If you were to have looked in the Commonly Asked C/C++ Questions
sticky thread (meaning that it's always there at the top), then you would have found your question to be the third one listed. It points to a 2004 message with answers and a bit of discussion at http://forums.devshed.com/c-program...nds-157960.html
. For example, your solution of running PAUSE would work on a Windows platform, but undoubtedly not on Linux and who knows about Macs.
You already found that if you run your program as it was originally intended to be run -- namely from the command line -- that it works just fine. The problem is when you try to run it from a GUI. The reason is that the program is intended to run in a shell (on Windows AKA "console", AKA "DOS window").
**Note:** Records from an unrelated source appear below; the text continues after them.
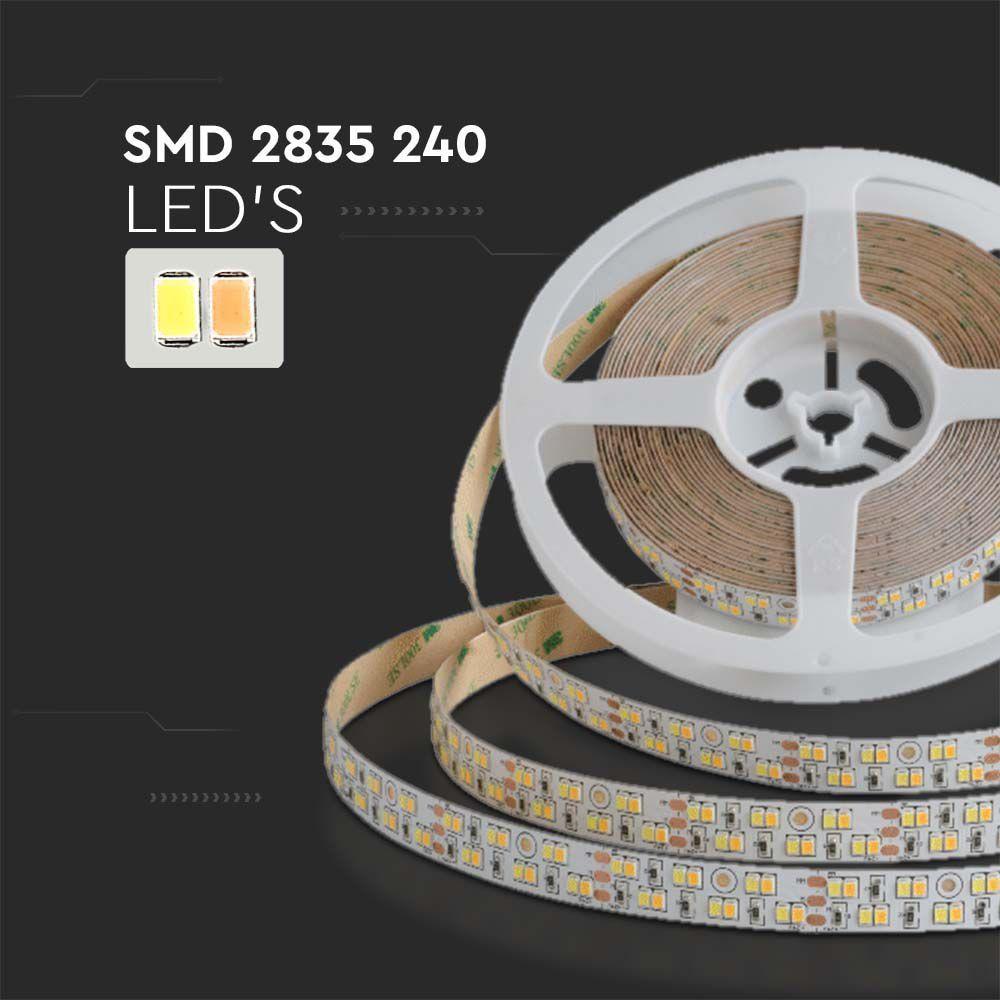 VT-2835 240 21W LED STRIP LIGHT 3IN1 IP20 24V 15MM WHITE DOUBLE PCB(5M/ROLL)(PRICE PER M)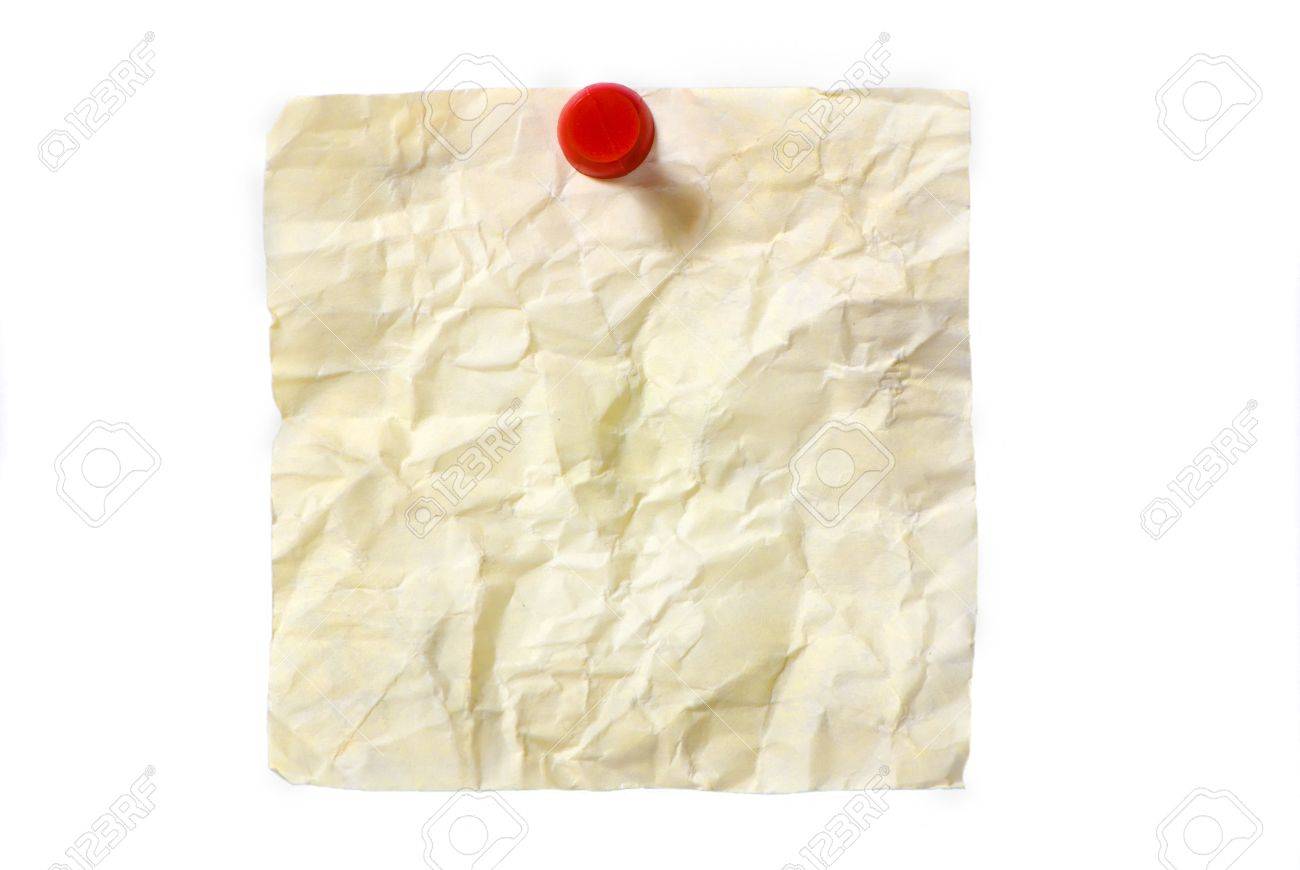 An Old Dirty Post It Wrinkled Up. Isolated On White Stock Photo, Picture  and Royalty Free Image. Image 3482221.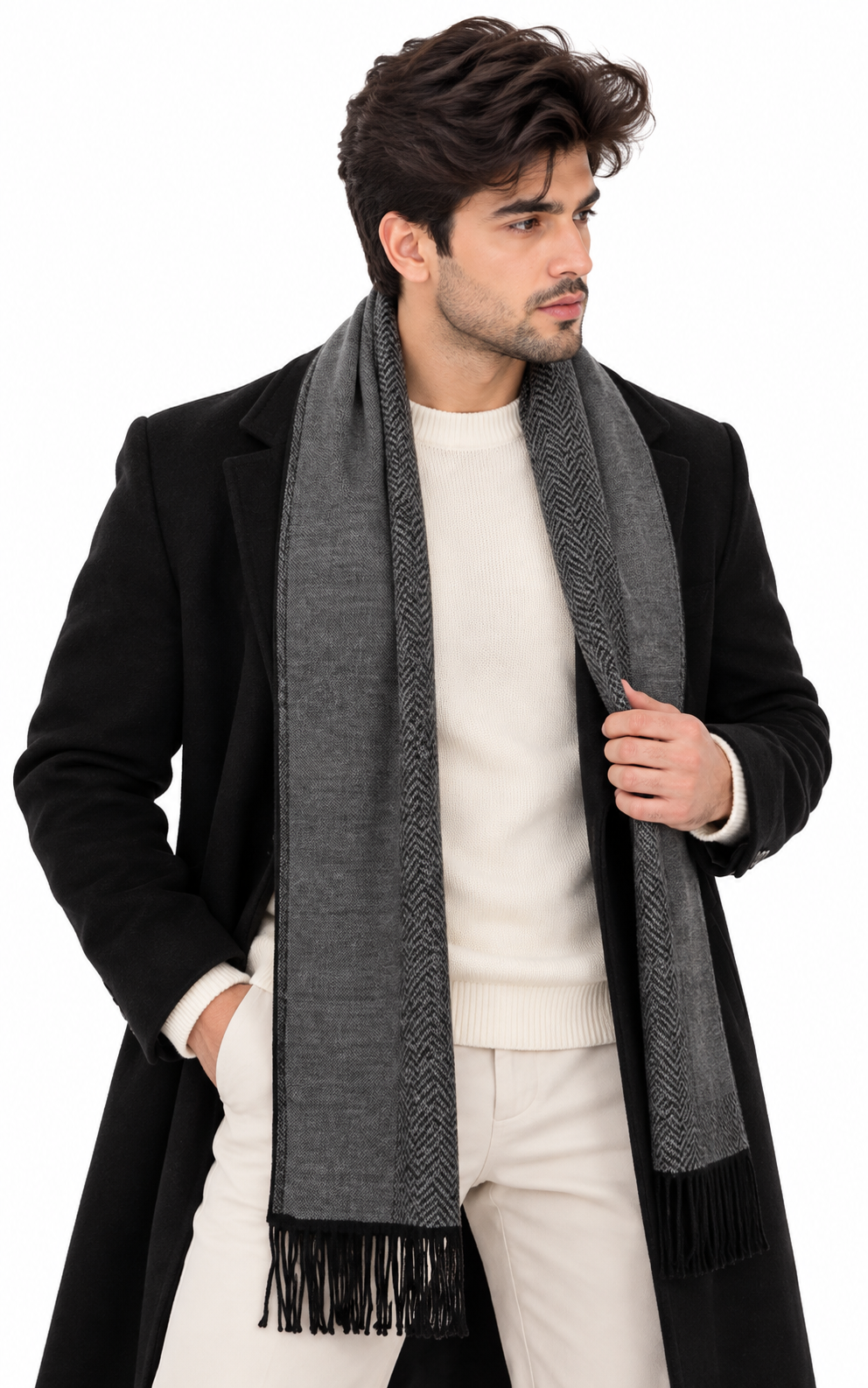 Woolen plain Muffler- Dark Grey | Amoldo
When you run it from the command line, you're already in a shell so it works just fine.
But if you're running a GUI app (eg, Windows Explorer) that then launches your program, part of that process is to create a shell for the program to run in. But then when your program terminates, the shell closes automatically, which creates the problem of the output going away before you can read it.
The solution is to find some method to keep the shell from closing until you are ready to let it close. These methods can include:
1. Just before exiting the program, add a request for user input. system("PAUSE") is one possibility, though it's OS-dependent. getchar() is another, as is scanf, but you can experience other problems because of characters left over in the input buffer.
These methods all fall under the heading of "KLUDGE
". They are jury-rigged, quick-and-dirty, inelegant, and clumsy quick fixes. They are aesthetically displeasing.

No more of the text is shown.